Er zijn alternatieven voor uw bank

Het botert niet tussen de KMO’s en de banken, zo toont de Trends CEO-Poll aan. Een enquête van Unizo bevestigt dat zelfstandigen zoeken naar andere manieren om aan centen te komen. Autofinanciering bijvoorbeeld, of een fiscaal gunstregime voor leningen van familie en vrienden. Maar dan moet de overheid wel meewerken.

“Vroeger smeten de banken met geld. Vandaag moeten KMO’s smeken voor kredieten.” KrisPeeters, gedelegeerd bestuurder van de Unie van Zelfstandige Ondernemers ( Unizo) , trekt aan de alarmbel. Als de overheid niet snel ingrijpt, vinden de kleine bedrijven geen geld meer om hun noodzakelijke investeringen te financieren. Deutsche Bank trekt zich officieel uit de KMO-markt terug en onze nationale kredietinstellingen – vooral Fortis – verhogen de drempels. Daarom legt Unizo vandaag, donderdag 21 maart, een nieuw actieplan aan de regering voor om KMO’s extra zuurstof te geven.

Om hun rentabiliteit op te krikken, gaan de banken veel selectiever te werk en vragen zij een hogere kostprijs voor hun leningen. Volgens de Nationale Bank zijn de marges op de investeringskredieten verhoogd van 1,5% naar 2%. Johan Bortier, hoofd van de Unizo-studiedienst: “In vergelijking met een jaar geleden zakte het kredietvolume voor KMO-investeringen in het vierde kwartaal van 2001 van 72,5 naar 70 miljard euro, een daling van 3,3%.”

Intussen buigt op federaal vlak de parlementaire werkgroep van Aimé Desimpel ( VLD) en Eric André ( PRL) zich over het probleem van de kredietschaarste, terwijl Vlaams minister van Economie Jaak Gabriëls ( VLD) een rondetafel over KMO-financiering organiseert.

Geen vertrouwensrelatie meer

Maar de knelpunten beperken zich niet tot een hoge rente of een kredietschaarste. Uit de jongste enquête van Unizo blijkt dat de relatie van KMO’s met hun financiële instelling in het algemeen flink verslechtert (zie grafiek 1: Kredietdossiers van KMO’s). Peeters: “Bijna een kwart van onze leden is niet tevreden over hun bank.

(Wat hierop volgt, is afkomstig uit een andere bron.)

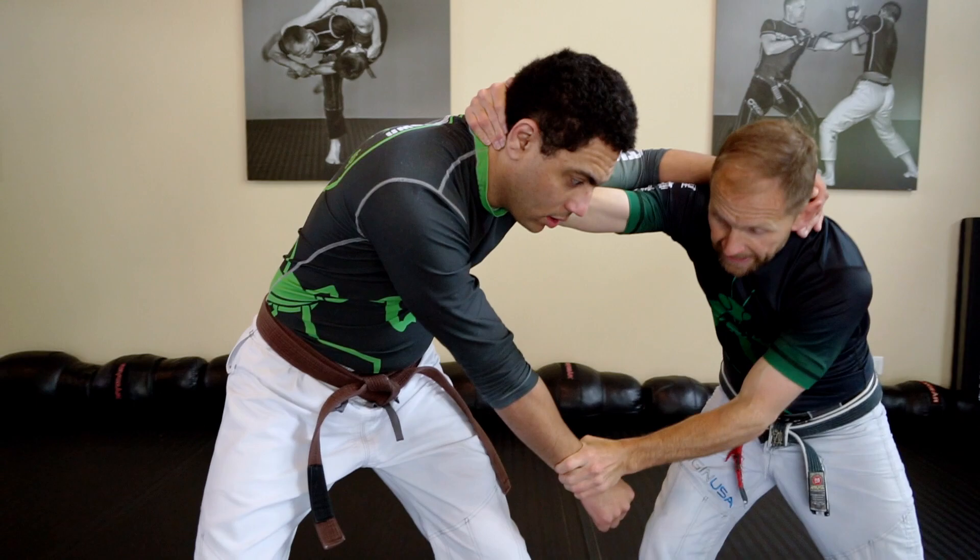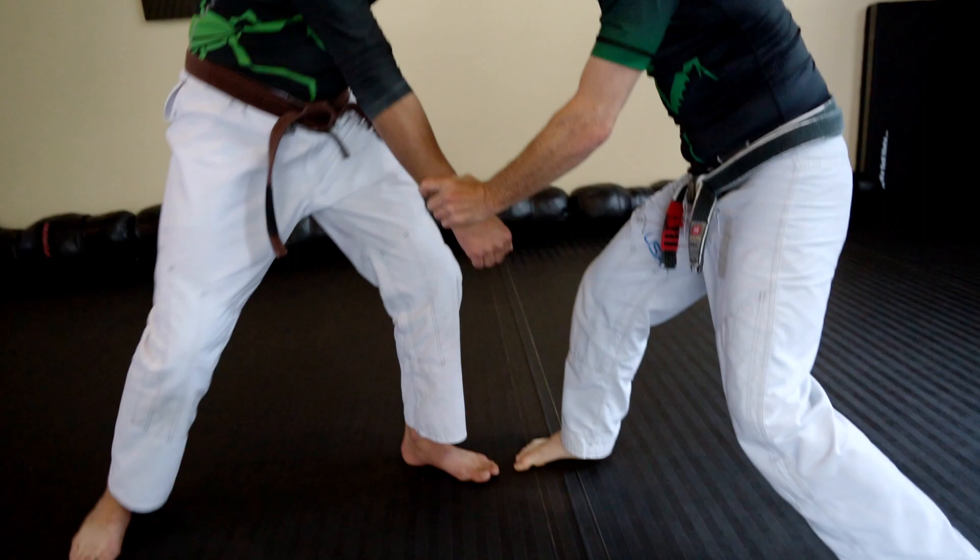Let's look at our options. Again, protect from that back leg so they can't immediately knee you or kick you. Move to the flank position — don't stay frontal or you get a kick to the groin.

Zo’n 25% klaagt over kredietschaarste. Niet minder dan 37% van de ondernemingen zegt dat ze op dit ogenblik moeilijker een langetermijnlening kunnen krijgen dan vroeger. En 18% werd botweg geconfronteerd met een weigering.”

Bovendien veranderen de spelregels voortdurend. De banken wijzigden in 13% van de gevallen hun voorwaarden ná toekenning van het krediet. Bij 3% van de KMO’s zegden de financiële instellingen hun lening zelfs op, terwijl 8% een waarschuwing te slikken kreeg. De situatie voor ondernemingen met financieringsproblemen is nog dramatischer. Hier dreigde de bank bij 32% met een stopzetting, wat ze in 22% ook effectief deed.

De bankwaarborg vormt het kernprobleem voor de KMO’s. Volgens 88% van de respondenten levert het onderpand spanningen met de financiële instelling op, gevolgd door de kostprijs van het krediet en de ondoorzichtigheid van de waarborgen (zie grafiek 2: Problemen voor KMO’s bij bankfinanciering). Bortier: “Ondanks de bescherming van het vennootschapsrecht staat nog altijd 42% van de kleine en middelgrote ondernemers persoonlijk borg voor zijn bedrijfskrediet. De familieleden nemen 7% voor hun rekening. Bijna de helft van de ondervraagden stelt dat de bank nu meer waarborgen eist dan vroeger. Vaak wordt tot 150% van de geleende som gevraagd. Veel KMO’ers merken ook op dat hun financiële instelling het onderpand niet vermindert naarmate de afbetaling vordert. Dat druist in tegen de financiële logica.”

Ook de afhandeling van het dossier scoort slecht. Een grote meerderheid van de bedrijven hekelt zowel de traagheid van het beslissingsproces als de administratieve rompslomp bij de banken. Ze zijn zelfs ontevreden over hun kennis van de KMO’s. Verrassend is wel dat ongeveer 60% toegeeft dat hun financieringsproblemen te wijten zijn aan hun onvermogen tot terugbetaling of aan het eigen vermogen van het bedrijf. Meer dan de helft van de ondernemers noemt het gebrek aan een goed businessplan als oorzaak van de slechte bankrelatie.

Tegelijkertijd polste Unizo naar de verwachtingen van de KMO’s tegenover de overheid (zie grafiek 3: Gewenste overheidsmaatregelen). Peeters: “Een topprioriteit voor de ondernemers is een fiscale aanmoediging van zelffinanciering, bijvoorbeeld door middel van een lager belastingtarief bij winstreserveringen. Op de tweede plaats vragen zij een verhoging van de rentetoelagen. Maar subsidies zijn een verouderd instrument en stuiten snel op budgettaire beperkingen. Daarom hebben wij dit voorstel niet opgenomen in ons actieplan. Wel willen we de huidige intrestsubsidie behouden voor kleine bedrijven en starters.”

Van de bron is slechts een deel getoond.